TASK DETAILS: Will you write out, word for word, every line from the one with "снимка 2 McLouis" to the final line of the data below, with the pictures left out?

GIVEN DATA:
§ §
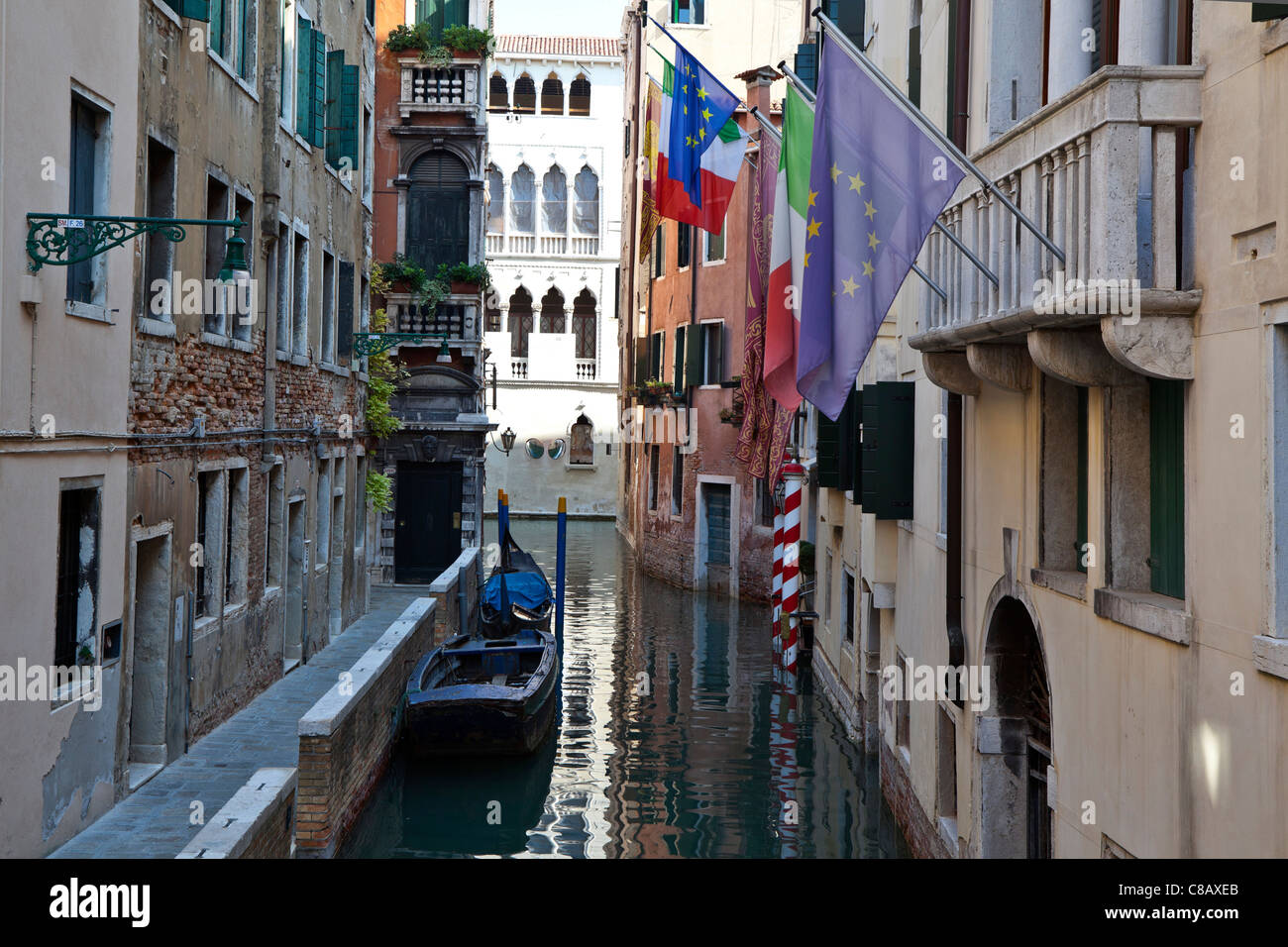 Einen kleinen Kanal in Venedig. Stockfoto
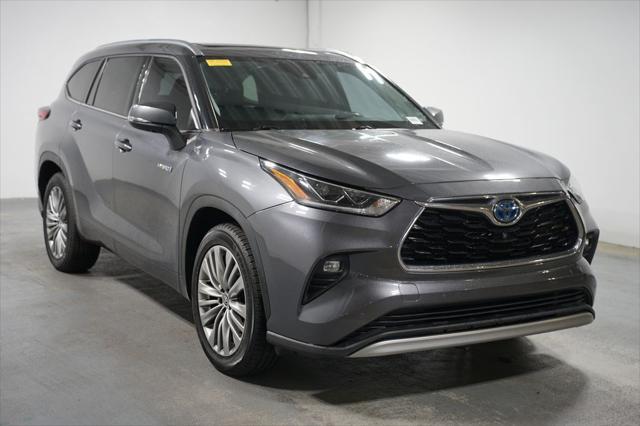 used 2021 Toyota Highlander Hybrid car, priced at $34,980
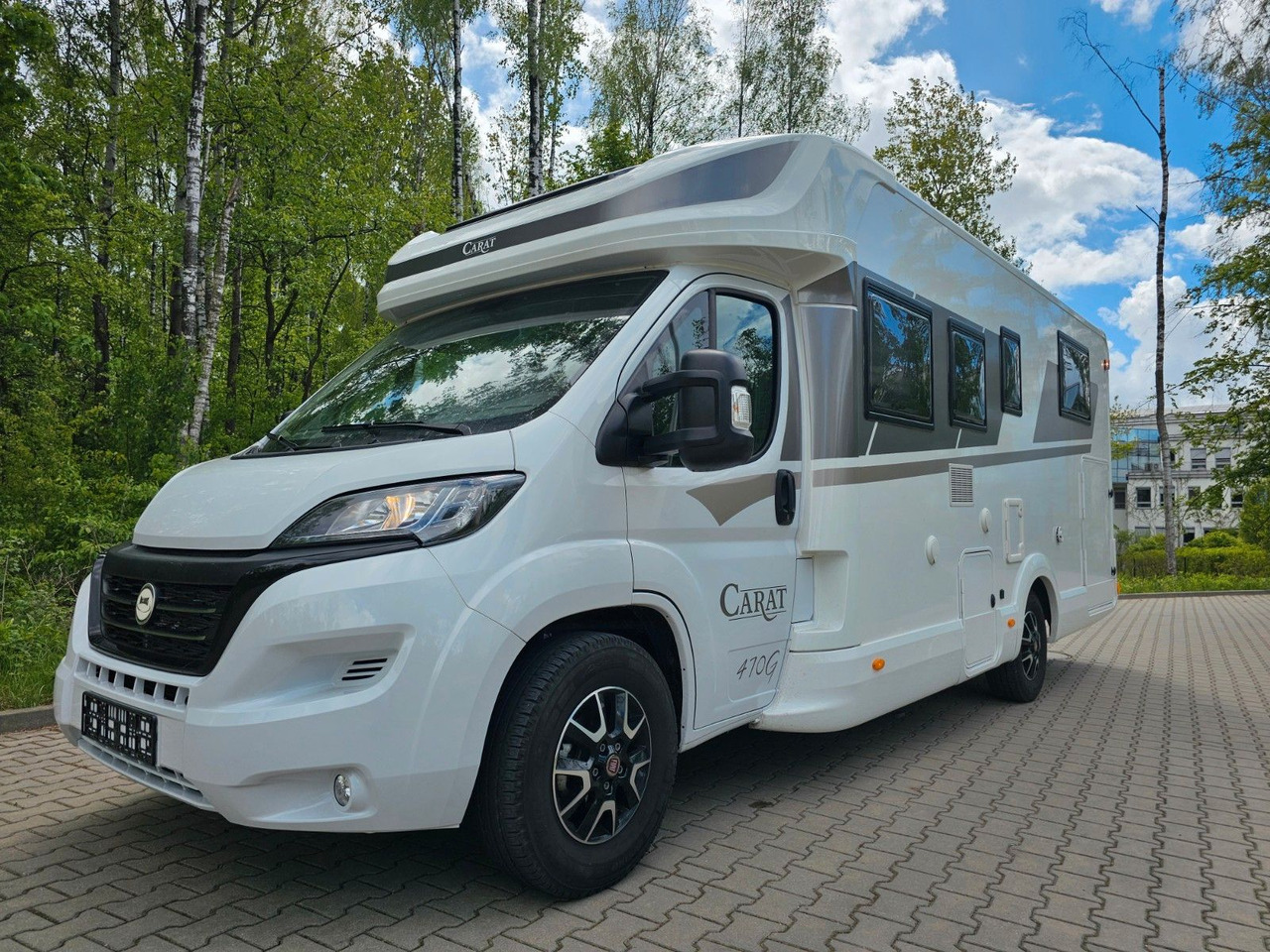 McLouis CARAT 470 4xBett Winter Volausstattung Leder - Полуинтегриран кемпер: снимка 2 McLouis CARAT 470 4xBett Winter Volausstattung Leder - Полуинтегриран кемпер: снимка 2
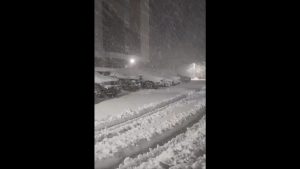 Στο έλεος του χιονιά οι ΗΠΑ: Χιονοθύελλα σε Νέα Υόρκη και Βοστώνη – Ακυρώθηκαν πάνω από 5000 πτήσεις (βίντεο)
§ §
SOLUTION TO THIS TASK:
 McLouis CARAT 470 4xBett Winter Volausstattung Leder - Полуинтегриран кемпер: снимка 2 McLouis CARAT 470 4xBett Winter Volausstattung Leder - Полуинтегриран кемпер: снимка 2
 Στο έλεος του χιονιά οι ΗΠΑ: Χιονοθύελλα σε Νέα Υόρκη και Βοστώνη – Ακυρώθηκαν πάνω από 5000 πτήσεις (βίντεο)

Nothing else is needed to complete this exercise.